Humble Pie: quarrels, cocaine and unfulfilled potential

Humble Pie
(Image credit: Michael Ochs Archives / Getty Images)

It's 1972. Gathered in a suite in a plush Beverly Hills Hotel are lawyers, management, record company ‘suits’ and the four members of Humble Pie. While the contracts to be signed are being handed out in a clockwise direction, a plate upon which is piled a large mound of top-dollar cocaine is being passed the other way.

“All I can tell you,” says drummer Jerry Shirley, grimacing, “is that we were far more interested in the progress of the plate. That breaks every rule you’re taught as a youngster in the music business – do not sign high, always sign straight. So we only have ourselves to blame.”

If you thought the film Almost Famous, with its depiction of 70s music business excess, was more fiction than fact, then the Humble Pie story may just stop you in your tracks. Ironically, the movie’s musical consultant was Peter Frampton, who quit Humble Pie in 1971 at the height of their US fame, and made big headlines himself five years later.

But while Frampton became an icon of the time, Humble Pie have tended to be somewhat overlooked by the writers of rock’s history books. Only when singer Steve Marriott died in a 1991 house fire – started by his own cigarette – did the band’s name return to the front pages, and again last year with an all-star 10th anniversary show. Even then, Marriott’s previous band The Small Faces was the name most often mentioned in the obituaries.

But the likes of the Quireboys, FM and Thunder have evoked echoes of the rambling, scrambling and often inspired Humble Pie sound. In the US – the Pie’s most successful market – Gov’t Mule have covered them, and Bonnie Raitt and Melissa Etheridge are devotees. And in a neat touch, Black Crowes singer Chris Robinson’s wife Kate Hudson played the female lead in Almost Famous.

From the off, though, Humble Pie were to be a reluctant supergroup. Marriott and Frampton had stopped enjoying the teen adulation of their previous groups The Small Faces and The Herd respectively, and wanted above all to be considered serious musicians.

“We wanted to build it slowly,” drummer Jerry Shirley recalls. “And that was partly why the band’s name was chosen. It worked against us, because it took three or four years before we actually made the record everybody expected of us.”

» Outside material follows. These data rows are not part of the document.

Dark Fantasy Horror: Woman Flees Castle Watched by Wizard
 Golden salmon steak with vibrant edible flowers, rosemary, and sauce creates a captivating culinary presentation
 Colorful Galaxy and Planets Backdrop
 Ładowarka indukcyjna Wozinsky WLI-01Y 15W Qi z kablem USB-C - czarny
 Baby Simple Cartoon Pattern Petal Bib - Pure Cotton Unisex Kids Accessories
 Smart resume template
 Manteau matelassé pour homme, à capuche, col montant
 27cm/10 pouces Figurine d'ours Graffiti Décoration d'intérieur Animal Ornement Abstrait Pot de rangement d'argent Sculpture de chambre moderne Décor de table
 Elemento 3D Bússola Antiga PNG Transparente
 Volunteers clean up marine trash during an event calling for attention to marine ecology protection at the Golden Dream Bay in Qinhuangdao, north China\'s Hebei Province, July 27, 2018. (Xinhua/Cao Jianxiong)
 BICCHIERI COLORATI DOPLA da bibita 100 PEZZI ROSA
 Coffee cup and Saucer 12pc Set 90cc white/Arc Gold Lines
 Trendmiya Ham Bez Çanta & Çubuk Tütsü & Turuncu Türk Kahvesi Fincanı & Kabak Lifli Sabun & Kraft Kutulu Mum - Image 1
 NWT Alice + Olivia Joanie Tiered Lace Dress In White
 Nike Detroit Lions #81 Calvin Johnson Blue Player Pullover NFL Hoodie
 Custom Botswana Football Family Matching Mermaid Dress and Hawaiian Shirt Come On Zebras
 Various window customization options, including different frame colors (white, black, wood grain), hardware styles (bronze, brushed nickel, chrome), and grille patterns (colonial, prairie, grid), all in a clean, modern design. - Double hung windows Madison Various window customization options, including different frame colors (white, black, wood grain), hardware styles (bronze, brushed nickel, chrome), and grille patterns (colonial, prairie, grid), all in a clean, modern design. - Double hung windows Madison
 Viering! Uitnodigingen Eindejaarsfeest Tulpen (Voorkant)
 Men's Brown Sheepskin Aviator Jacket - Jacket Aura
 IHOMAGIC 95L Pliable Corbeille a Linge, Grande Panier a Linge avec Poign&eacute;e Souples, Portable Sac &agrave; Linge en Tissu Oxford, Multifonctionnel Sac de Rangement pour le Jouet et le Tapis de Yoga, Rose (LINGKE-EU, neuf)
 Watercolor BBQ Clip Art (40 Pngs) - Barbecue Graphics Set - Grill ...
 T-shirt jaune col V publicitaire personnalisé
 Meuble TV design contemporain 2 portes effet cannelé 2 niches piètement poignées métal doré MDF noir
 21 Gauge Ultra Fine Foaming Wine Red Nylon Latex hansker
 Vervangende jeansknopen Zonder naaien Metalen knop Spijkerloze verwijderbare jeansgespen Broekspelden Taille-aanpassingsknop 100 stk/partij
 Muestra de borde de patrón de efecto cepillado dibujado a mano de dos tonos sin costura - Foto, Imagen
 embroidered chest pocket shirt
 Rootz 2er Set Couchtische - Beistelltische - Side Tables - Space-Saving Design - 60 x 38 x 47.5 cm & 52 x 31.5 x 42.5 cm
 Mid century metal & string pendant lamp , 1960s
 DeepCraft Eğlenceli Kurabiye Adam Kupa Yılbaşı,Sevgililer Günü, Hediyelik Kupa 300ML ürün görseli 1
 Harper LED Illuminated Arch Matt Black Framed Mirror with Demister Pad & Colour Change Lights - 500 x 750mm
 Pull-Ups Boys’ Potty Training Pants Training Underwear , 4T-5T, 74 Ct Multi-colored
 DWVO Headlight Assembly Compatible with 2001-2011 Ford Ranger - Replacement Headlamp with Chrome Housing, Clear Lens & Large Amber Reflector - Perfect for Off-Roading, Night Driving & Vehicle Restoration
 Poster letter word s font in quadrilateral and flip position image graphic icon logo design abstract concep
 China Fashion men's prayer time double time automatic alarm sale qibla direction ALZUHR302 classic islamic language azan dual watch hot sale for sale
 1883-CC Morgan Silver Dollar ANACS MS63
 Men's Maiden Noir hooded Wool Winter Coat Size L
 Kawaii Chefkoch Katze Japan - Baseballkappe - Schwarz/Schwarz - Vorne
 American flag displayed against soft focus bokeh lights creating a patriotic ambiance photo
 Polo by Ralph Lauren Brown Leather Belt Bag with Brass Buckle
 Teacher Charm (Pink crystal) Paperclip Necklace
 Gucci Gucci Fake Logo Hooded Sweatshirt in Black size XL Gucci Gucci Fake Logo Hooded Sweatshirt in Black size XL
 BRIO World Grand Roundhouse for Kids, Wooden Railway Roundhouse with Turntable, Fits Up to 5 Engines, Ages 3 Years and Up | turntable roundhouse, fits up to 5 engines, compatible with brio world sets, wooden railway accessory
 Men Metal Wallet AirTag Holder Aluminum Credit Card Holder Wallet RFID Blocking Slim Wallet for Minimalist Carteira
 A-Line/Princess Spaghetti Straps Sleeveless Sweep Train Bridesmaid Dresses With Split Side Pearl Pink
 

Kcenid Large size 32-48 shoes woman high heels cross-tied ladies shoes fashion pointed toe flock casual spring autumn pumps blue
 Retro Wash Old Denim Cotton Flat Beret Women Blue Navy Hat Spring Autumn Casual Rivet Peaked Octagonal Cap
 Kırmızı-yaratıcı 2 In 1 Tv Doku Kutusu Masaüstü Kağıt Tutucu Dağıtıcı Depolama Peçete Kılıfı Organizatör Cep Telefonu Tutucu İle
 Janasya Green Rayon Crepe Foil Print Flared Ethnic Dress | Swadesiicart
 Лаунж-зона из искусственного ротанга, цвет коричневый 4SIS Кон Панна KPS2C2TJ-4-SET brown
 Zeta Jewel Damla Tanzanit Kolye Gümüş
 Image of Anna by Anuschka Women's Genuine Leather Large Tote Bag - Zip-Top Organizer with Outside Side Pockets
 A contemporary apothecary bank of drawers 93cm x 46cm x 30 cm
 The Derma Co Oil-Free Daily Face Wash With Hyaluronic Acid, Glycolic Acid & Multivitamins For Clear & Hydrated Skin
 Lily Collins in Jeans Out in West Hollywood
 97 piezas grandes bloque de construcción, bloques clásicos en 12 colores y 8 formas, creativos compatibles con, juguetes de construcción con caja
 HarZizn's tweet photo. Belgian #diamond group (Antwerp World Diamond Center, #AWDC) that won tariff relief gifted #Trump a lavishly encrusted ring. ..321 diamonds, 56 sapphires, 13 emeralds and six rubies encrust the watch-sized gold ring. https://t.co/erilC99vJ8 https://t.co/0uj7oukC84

Frampton revelled in the freedom:“The first day we got together, in Jerry Shirley’s mother’s living room, I think, we were doing songs off [The Band’s] Music From Big Pink. We were just having a lot of fun playing. And I think both Steve and I realised that we could do anything we wanted, now we were starting all over again. It wasn’t that good for Humble Pie’s long-term direction, because we did everything – acoustic, country, you name it we did it, all the way up to full-on rock’n’roll.

The story of the band’s formation has been mis-told a thousand times. Rather than Marriott muscling in on Frampton’s band, it was the latter who wanted to be one of The Small Faces.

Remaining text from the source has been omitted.